Duo’s abstract ‘Crack’ offers dance in multi-dimensions

DANCE REVIEW

July 23, 2011|By Janine Parker, Globe Correspondent

ZOE|JUNIPER

At: Jacob’s Pillow Dance Festival, Becket, Wednesday (through tomorrow). Tickets: $23.50-37.50 413-243-0745, www.jacobspillow.org

BECKET - Choreographer Zoe Scofield and visual artist Juniper Shuey are young people with big visions, necessary and hopeful ingredients for the future of any field. At Jacob’s Pillow, zoe|juniper, the wife-and-husband team’s Seattle-based company, is now presenting the world premiere of “A Crack in Everything,’’ an abstract, evening-length work that had Pillow support through a Creative Development Residency last fall.

Inspired partly by the relentless cycle of violence as depicted in Aeschylus’s trilogy of plays known as the Oresteia, “Crack’’ blurs the lines between what is horrible and what is beautiful. Shuey’s projections, along with Robert Aguilar’s at times startling lighting design, also raise questions: Are the dancers underwater or above the clouds; are they innocents emerging from the primordial mud or experienced cynics trying to hold on in an icy future?

A tranquil setup greets the incoming audience: The stage is barely discernible behind a glazed, milky drop ashimmer with blue dots, with a hushed yet restless sound of wind in the trees. But there is an uneasily nihilistic world waiting to be unveiled, layer by layer. The front drop turns out to be two: one a gauzy material, the other like a sturdy see-through shower curtain. Scofield and her four strong dancers are likewise costumed in a smoke-and-mirrors manner, sometimes wearing metallic-looking long-sleeved black tunics, sometimes appearing naked, with flesh-toned body stockings streaked here and there with gold paint or material, just barely covering breasts, bottoms, and genitals.

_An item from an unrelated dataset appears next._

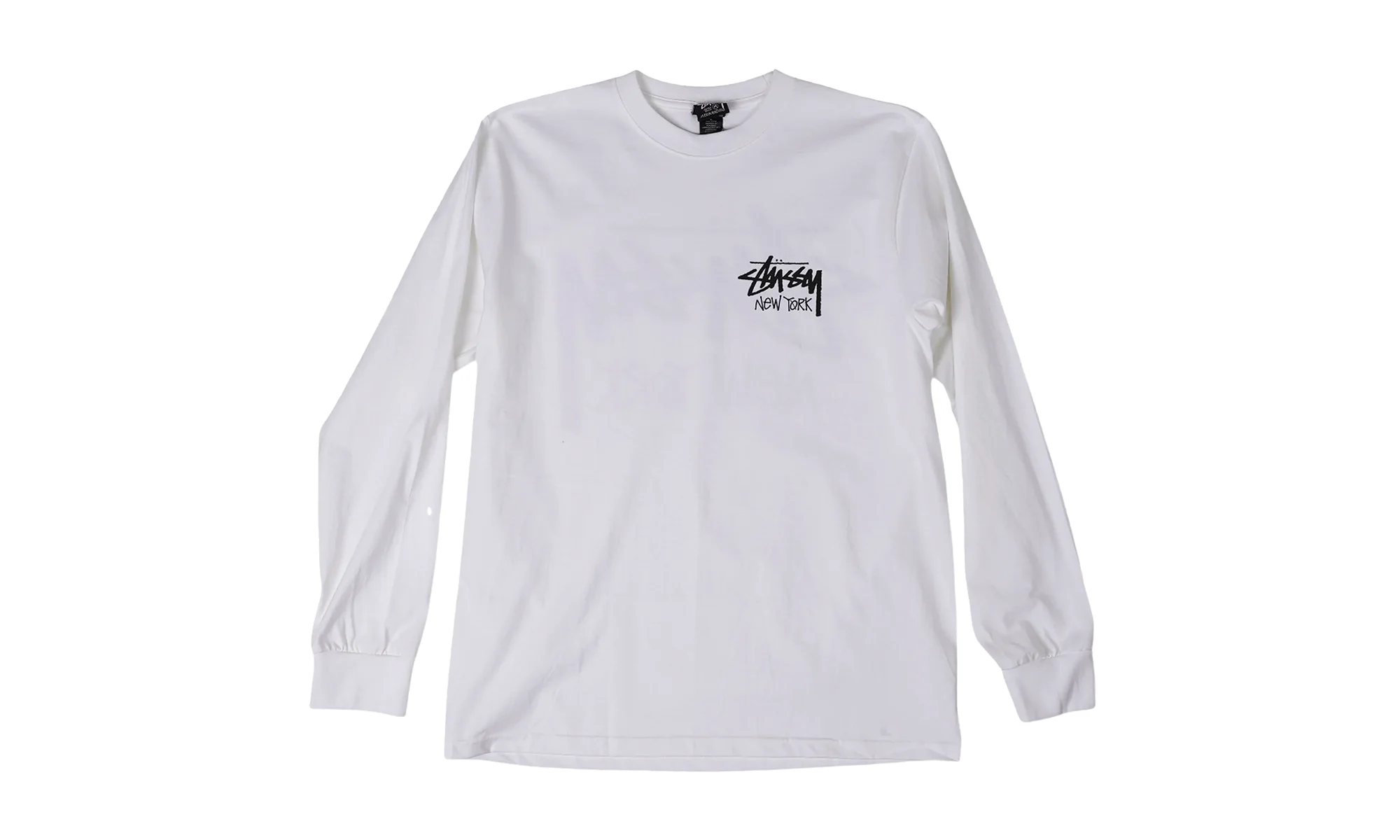 Longsleeve Tee "New York Exclusive - White" STUS11 - 1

The blend of illusion and reality that informs perceptions of time and memory is also a motif in “Crack.’’ Sometimes film of dancers is projected, acting as doppelgangers to the performers on stage; sometimes a dancer is twinned with such a projection, then tripled, another dancer suddenly illuminated just upstage. These effects are terrific, and the piece could benefit from further exploration of them.